Growing up in racist Rapid City, it was inevitable we would experience racism, and when we did, my mother dealt with it the same way she had dealt with the racism she had faced as a child, she just accepted it.

I fought back, I would not be a victim, but I fought alone. She would not stand up to the racist school teachers, landlords, policemen, neighbors. She did not know how. When AIM came along, I thought of them as heroes, because they stood up and they fought back, and when they occupied Wounded Knee I did not think of the Gildersleeves, or the community, I saw what I wanted to see, what they wanted me to see.

Years later, I took a friend from Connecticut on a tour of my reservation. He was particularly interested in Wounded Knee, and I had not been back since I was a boy. The grocery store was gone, burned to the ground during the 1973 AIM occupation, but the graves were still there, and there were a dozen Wasicu visitors quietly paying their respects at the mass grave.
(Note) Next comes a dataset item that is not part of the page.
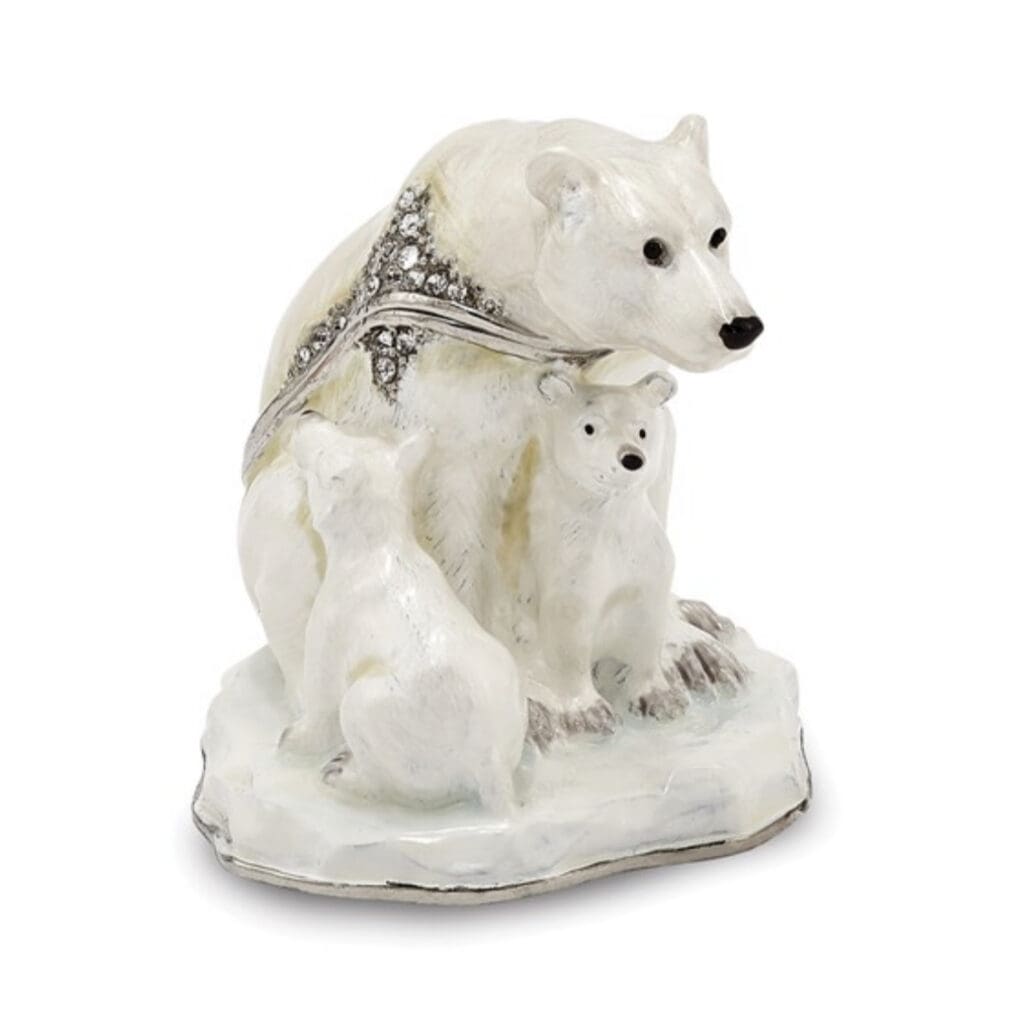 Polar Bear and Cubs Trinket Box Alaska Mint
Lakota stood all around, most disheveled and desperate looking, trying to sell dream catchers or whatever object they could pass off as something Indian and sacred, and many smelled of alcohol. There was a big, loud, indignant woman pressing in on the visitors, saying—“Don’t stand there! That’s where my ancestors are buried!”

“Oh, I am so sorry!” the Wasicu woman said, hopping in the direction the loud woman gestured. But the visitors hadn’t been standing on any graves. I looked at the big woman and I realized how thin her skin was, how she was looking for a reason to be angry and offended and targeting the very Wasicu people who felt compassion and remorse for what had happened in 1890.

I wondered where her living family was at right now, where her children were, and I strongly suspected they were being neglected severely, while she stood around rudely imposing herself as the offended aboriginal.

Activism is fine, it can produce heroes. I see Charmaine White Face as a hero, for the battle she fought in Rapid City forty years ago, against the racist school system, racism I had suffered from, but she mentioned something in an email to me, she mentioned the other heroes, the Lakota parents who fought that battle with her, and I realized none of my family had bothered to join that fight.

It made me also realize that the true Lakota heroes are the parents of Lakota children, parents who tell their kids they love them, parents that fight for those kids, with simple, honest dignity, and that this is the only power that lasts. AIM can burn down buildings, can be mistaken for the conscience of a people, but they leave behind no legacy of reform or love, because in the final analysis, they represent nothing but self destructive anger and personal aggrandizement.

True warriors protect villages—they don’t burn them down. One woman fighting beside Lakota parents accomplished more tangible benefits in my mongrel breed Lakota schoolboy life than AIM ever did.

My skin is thick, in the sense I accept people as people, I don’t look for reasons to be offended, don’t look for racism or injustice where there isn’t any, and don’t mistreat people who never committed these acts just because they resemble the people who did. And yet I have written dozens of columns about racism, not just as an abstract injustice, but as a grim reality I lived.

Much of my life has been an underachieving waste, but where I succeeded—I have a family, three boys I love, and I tell them I love them every single day, and I show them by always putting their needs first. Had I been there in 1973, and helped destroy my mother’s birthplace, I would have accomplished nothing in their lives, just like those misguided “heroes” accomplished nothing.